> Dataset excerpt:
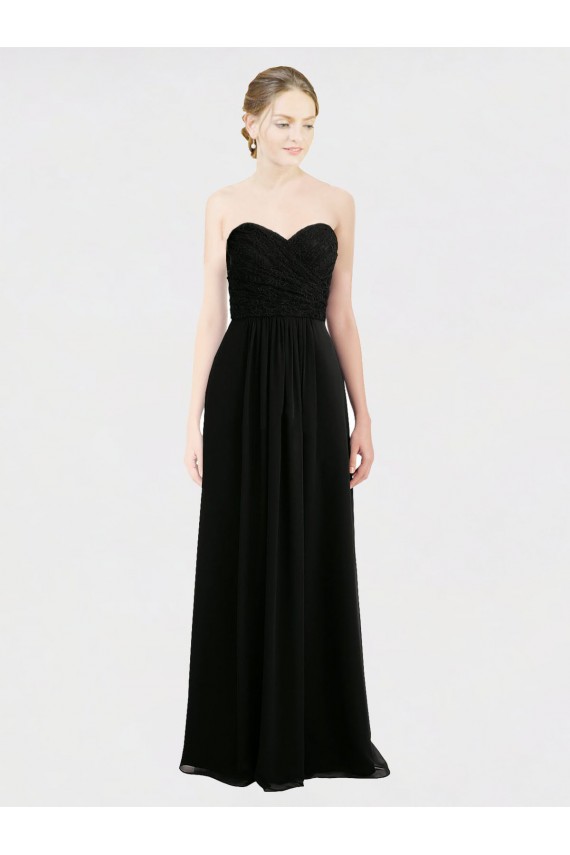 Sleeveless Black Sweetheart Low Back Soft Chiffon & Lace A-Line Bridesmaid Dress Newcastle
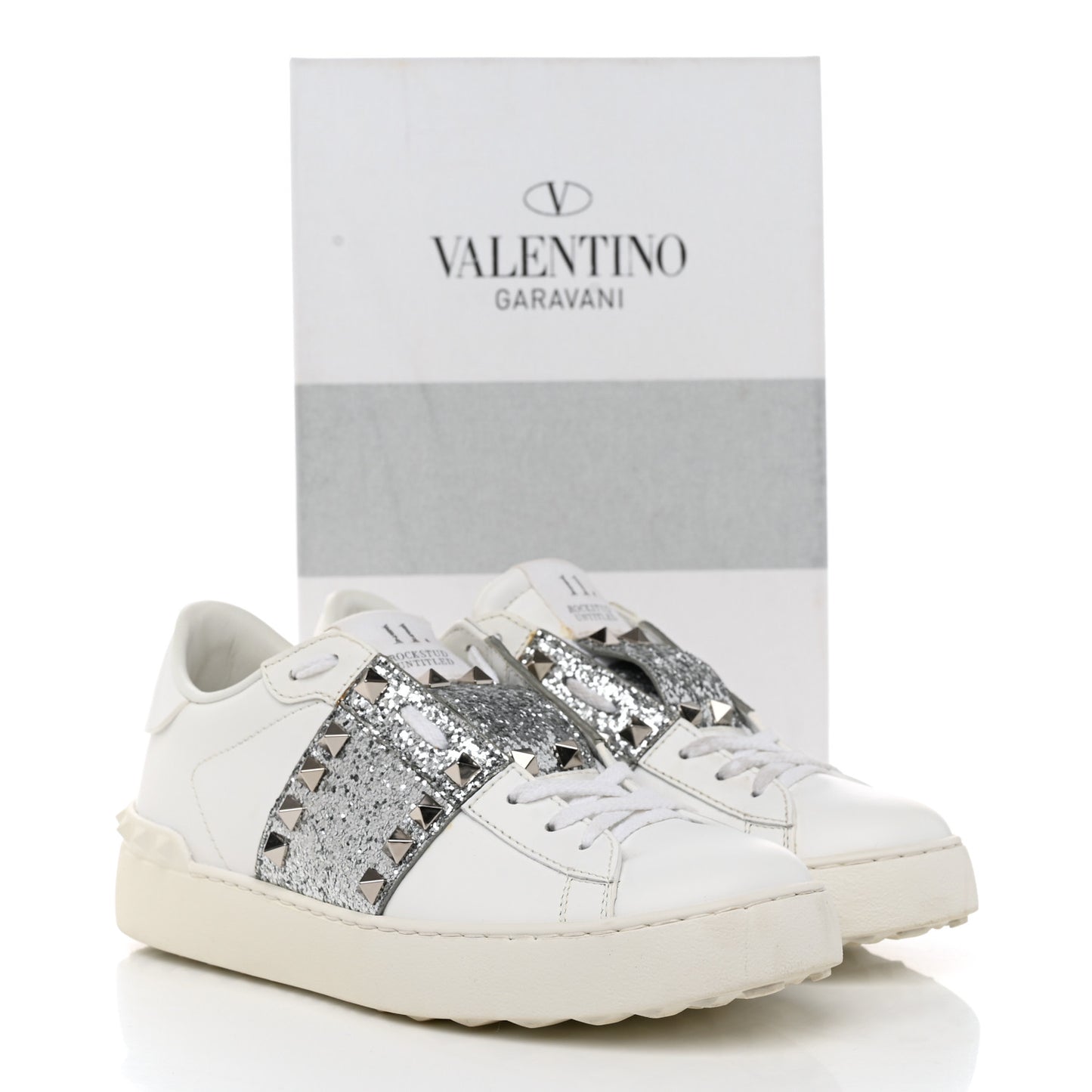 Calfskin Glitter Rockstud Open Sneakers 37 White Silver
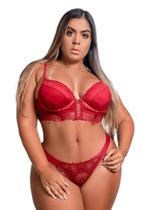 Conjunto Lingerie Plus Size com Bojo e Aro Rendada Sutiã Cropped Conjunto Lingerie Plus Size com Bojo e Aro Rendada Sutiã Cropped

> Requirement: Only the pictures are to be left out; the rest of the material above should be printed verbatim.

> Answer space:
 Sleeveless Black Sweetheart Low Back Soft Chiffon & Lace A-Line Bridesmaid Dress Newcastle
 Calfskin Glitter Rockstud Open Sneakers 37 White Silver
 Conjunto Lingerie Plus Size com Bojo e Aro Rendada Sutiã Cropped Conjunto Lingerie Plus Size com Bojo e Aro Rendada Sutiã Cropped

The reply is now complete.